Structure and photo-induced volume changes of obliquely deposited amorphous selenium

TL;DR

This study uses atomic scale simulations to explore how oblique deposition affects the structure and photo-induced volume changes in amorphous selenium films, revealing defect formation and structural dynamics.

Contribution

It provides new insights into the microscopic mechanisms of photo-induced changes in obliquely deposited chalcogenide glasses, highlighting the role of voids and defects.

Findings

Obliquely deposited films have more defects and larger voids.

Photo excitation causes covalent and interchain bond breakage.

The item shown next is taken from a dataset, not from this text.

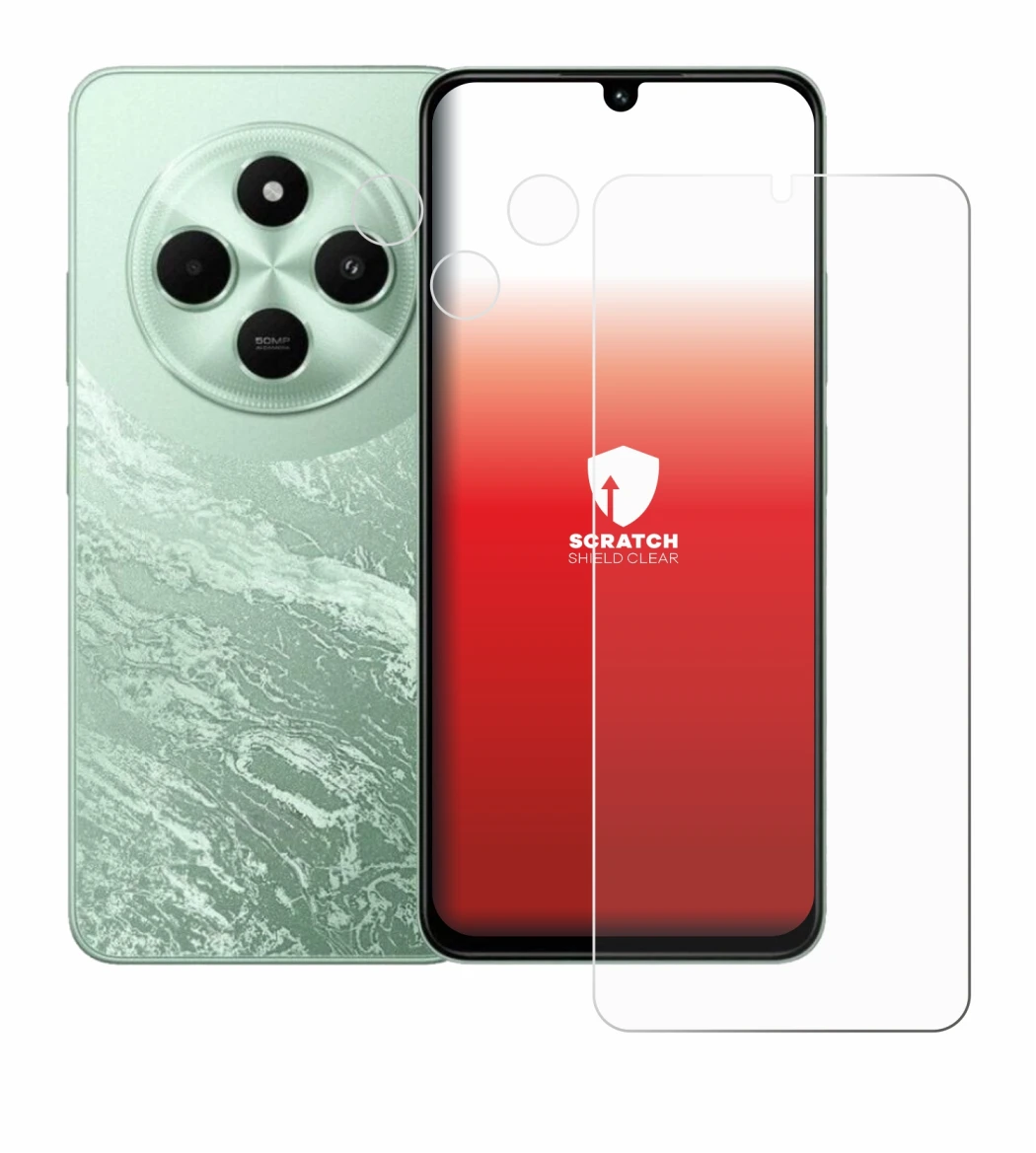Image de l'appareil Xiaomi Poco C75 (Avant+Caméra) avec une grande variété de protections d'écran.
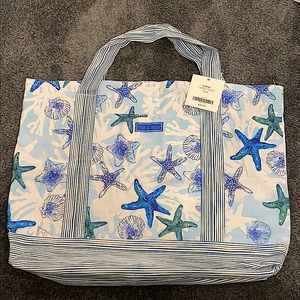 NWT Mia & Tess Large cotton shell tote bag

Void-rich samples exhibit significant structural and volume changes.

Abstract

Atomic scale computer simulations on structures and photo induced volume changes of flatly and obliquely deposited amorphous selenium films have been carried out in order to understand how the properties of chalcogenide glasses are influenced by their preparation method. Obliquely deposited a-Se thin films contain more coordination defects, larger voids than the flatly deposited ones. To model the photo induced volume changes the electron excitation and hole creation were treated independently within the framework of tight-binding formalism. Covalent and interchain bond breakings and formations were found. The obliquely deposited samples containing voids showed a wide spectrum of photo induced structural changes in microscopic and volume changes in macroscopic levels.